Accession Number : ADA185631
Title : Multitasked Embedded Multigrid for Three-Dimensional Flow Simulation.
Descriptive Note : Final rept.,
Corporate Author : INSTITUTE FOR SCIENTIFIC COMPUTING FORT COLLINS CO
Personal Author(s) : Johnson, Gary M ; Swisshelm, Julie M ; Pryor, Daniel V ; Ziebarth, John P
PDF Url : ADA185631
Report Date : Jun 1986
Pagination or Media Count : 8
Abstract : This project explored fast algorithms for Euler and Navier Stokes simulations. A particular issue pursued under the grant was the integration of an explicit three dimensional flow solver, embedded mesh refinements, a model equation hierarchy, multiple grid acceleration and extensive rectorization and multi tasking. Several papers were produced during this effort including such titles as 'Multitasked embedded multigrid for three-dimensional flow simulation' and 'Multigrid approaches to the Euler equations'. An efficient algorithm designed to be used for Navier stokes simulations of complex flows over complete configurations is described. The algorithm incorporates a number of elements, including an explicit three-dimensional flow solver, embedded mesh refinements, a model equation hierarchy ranging from the Euler equations through the full Navier-Stokes equations, multiple-grid convergence acceleration and extensive vectorization and multitasking for efficient execution on parallel processing supercomputers. Results are presented for a preliminary trial of the method on a problem representative of turbomachinery applications. Based on this performance data, it is estimated that a mature implementation of the algorithm will yield overall speedups ranging as high as 100.
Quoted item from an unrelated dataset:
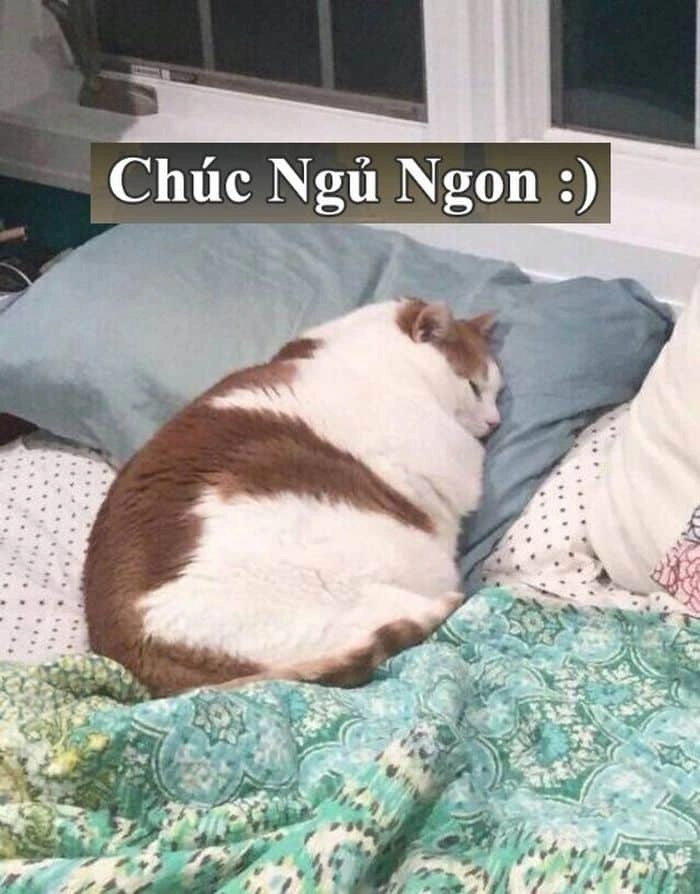 Meme mèo mệt mỏi chúc ngủ ngon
Descriptors : *NAVIER STOKES EQUATIONS, *THREE DIMENSIONAL FLOW, *COMPUTERIZED SIMULATION, ACCELERATION, ALGORITHMS, DIFFERENTIAL EQUATIONS, EFFICIENCY, EMBEDDING, FLOW, GRIDS, HIERARCHIES, MATHEMATICAL MODELS, MESH, PARALLEL PROCESSING, SUPERCOMPUTERS, TURBOMACHINERY
Subject Categories : Fluid Mechanics
Computer Programming and Software
Distribution Statement : APPROVED FOR PUBLIC RELEASE